Londonista85 · 29/11/2013 22:51

So stuff like The Chrysalids, Brave New World, Fahrenheit 451, 1984, The Handmaids Tail...

But that hasn't received the recognition you think it deserves.

OP posts:
ReluctantCamper · 29/11/2013 23:18

The Gate to women's country by Sherri Tepper
Loved it when I was teenager and enjoyed a food doom and gloom type story

LittleMymble · 30/11/2013 05:47

I liked 'The City and The City' by China Mieville.

JeanSeberg · 30/11/2013 05:52

Zamyatkin - We

RemusLupinsBiggestGroupie · 30/11/2013 20:43

Do Androids Dream of Electric Sheep - prob too well known for you, but it is good.

CoteDAzur · 30/11/2013 21:16

V For Vendetta - Alan Moore (Comic book story of a totalitarian near-future)

Ready Player One - Ernest Cline (Dystopia is not the focus of the book, but it is the background - you slowly get to understand what sort of place the world has become)

Delirium - Lauren Oliver (YA and so not my cup of tea but others rave about it)

Wool - Hugh Howey (Recent sensation and soon to be a major film/series, apparently. Has loads of fans. Not the best sci-fi I've ever read by far, but I'm not easy to please on that front)

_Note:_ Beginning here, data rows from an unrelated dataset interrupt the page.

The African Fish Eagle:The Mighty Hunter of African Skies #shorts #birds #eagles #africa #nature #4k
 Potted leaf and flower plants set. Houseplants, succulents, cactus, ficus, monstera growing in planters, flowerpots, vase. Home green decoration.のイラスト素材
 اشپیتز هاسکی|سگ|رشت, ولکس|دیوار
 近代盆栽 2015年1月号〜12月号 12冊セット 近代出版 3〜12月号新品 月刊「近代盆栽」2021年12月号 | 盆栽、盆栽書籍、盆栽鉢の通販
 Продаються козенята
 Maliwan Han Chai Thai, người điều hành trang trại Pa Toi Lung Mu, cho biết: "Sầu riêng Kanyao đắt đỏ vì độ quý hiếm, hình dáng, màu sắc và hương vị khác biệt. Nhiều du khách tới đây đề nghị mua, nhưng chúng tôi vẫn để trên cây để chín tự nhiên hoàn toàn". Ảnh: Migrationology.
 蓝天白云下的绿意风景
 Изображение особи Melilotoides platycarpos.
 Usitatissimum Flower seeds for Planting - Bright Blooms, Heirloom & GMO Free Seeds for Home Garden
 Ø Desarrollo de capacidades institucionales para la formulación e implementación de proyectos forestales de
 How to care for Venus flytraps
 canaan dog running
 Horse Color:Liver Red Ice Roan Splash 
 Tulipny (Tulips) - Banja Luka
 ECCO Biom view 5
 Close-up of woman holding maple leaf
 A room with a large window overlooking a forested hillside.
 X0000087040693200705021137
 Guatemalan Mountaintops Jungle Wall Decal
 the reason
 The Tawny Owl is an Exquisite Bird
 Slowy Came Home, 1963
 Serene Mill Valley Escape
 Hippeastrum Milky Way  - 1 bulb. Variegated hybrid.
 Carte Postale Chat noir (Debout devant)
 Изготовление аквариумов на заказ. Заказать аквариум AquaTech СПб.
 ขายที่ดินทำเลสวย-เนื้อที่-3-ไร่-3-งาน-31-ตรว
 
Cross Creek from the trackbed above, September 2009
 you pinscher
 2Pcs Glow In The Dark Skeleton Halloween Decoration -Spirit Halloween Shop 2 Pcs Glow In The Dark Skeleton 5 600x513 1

Altered Carbon - Richard Morgan (Crime fiction in a dystopian future where personalities are downloaded into various bodies. Gripping and interesting in detail, if quite gritty and violent in parts. If you like it, there are several sequels.)

Cloud Atlas - David Mitchell (5th of the book's 6 stories called 'An Orison of Somni-452' is a brilliant dystopian story. You can read it as a standalone novella.)

mum2jakie · 30/11/2013 21:23

If you're willing to consider a YA novel, 'Witch Crag' by Kate Cann is a really good and little known dystopian read.

OneHolyCow · 01/12/2013 14:48

In the country of last things by Paul Auster. One of his earlier, and best in my opinion, works.

Takver · 01/12/2013 14:59

I'd recommend Native Tongue and sequel The Judas Rose by Suzette Haden Elgin - not sure why they're not better known, definitely interesting and thought provoking

TunipTheUnconquerable · 01/12/2013 15:43

Again, if you're willing to read YA - try Feed by M.T.Anderson.